The tax consequences of expatriating
One essential point before beginning the expatriation process is that you must have another citizenship - it’s not an option to become stateless. Therefore, you should seek advice before taking any action to ensure that renouncing your US citizenship is the best option for you.
If you’re a Green Card Holder, once you’ve held the card for eight years or more and then give it up or have it revoked, you’ll be treated as if you were expatriating and subject to the same rules as US citizens who relinquish their citizenship.
What type of expatriate are you?
Consideration should then be given as to what kind of expatriate you will be; whether you would be a ‘covered expatriate’ or not.
You're a covered expatriate if you meet one of the following criteria:
1) Your average US net income tax for the preceding five years is more than a specified amount that is adjusted for inflation ($172,000 for 2021).
2) Your net worth is in excess of $2 million on the date of your expatriation.
3) You fail to certify that you’ve met your US Federal tax obligations for the preceding five years.
If you’re a covered expatriate, you are subject to a deemed disposal of all of your assets based on their market value the day before you expatriate. An inflation adjusted exclusion is then applied ($744,000 for 2021) and any resulting gain is subject to Federal tax at the relevant tax rate.
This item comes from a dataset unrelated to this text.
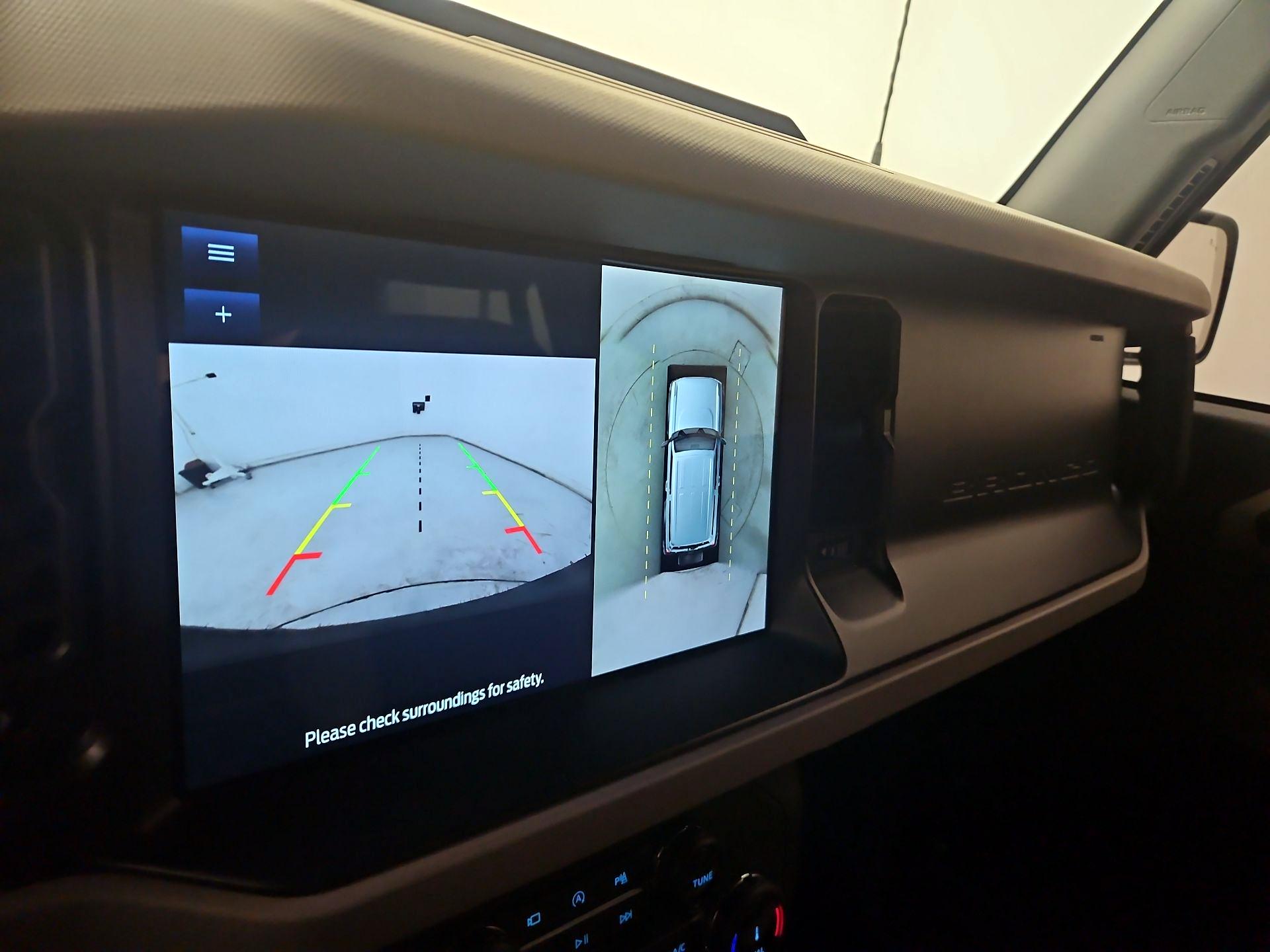 Thumbnail: 2022 Ford Bronco - 15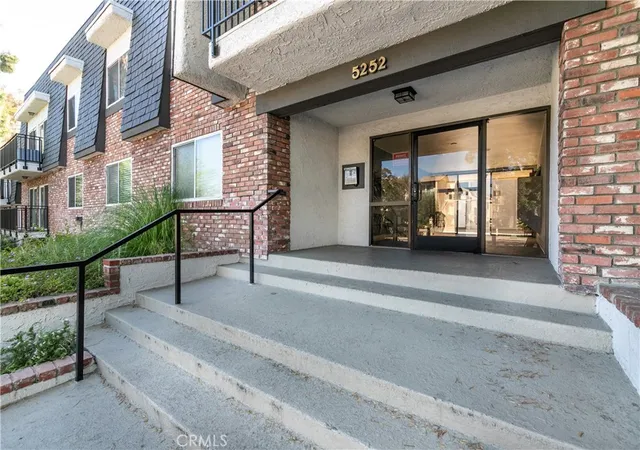 Photo 3 of Sale Pending at 5252 Coldwater Cyn #202, Van Nuys, CA 91401 | MLS# SR26161169 | Listing updated on 2026-10-06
This can cause significant problems if it results in a tax charge in the US but, without the actual sale of the asset, there is a shortfall of funds to pay the tax that is due. Furthermore, when the assets are sold in the future it’s possible that the country of residence will also seek to tax any gains at that time and without giving any relief for the US tax previously incurred. This can result in double taxation.
Additional rules can also bring deferred compensation, pensions and similar items into tax at the point of expatriation.
If you do not meet the above criteria, then you will not have the tax burden of the exit tax or the accelerated taxation of deferred income items.
If you had dual citizenship in the US and another country from birth and you continue to live in that other country, you’ll have an easier path to expatriation as you’re entitled to sidestep the covered expatriate rules. You’ll still have reporting obligations, but the tax exposure is significantly reduced.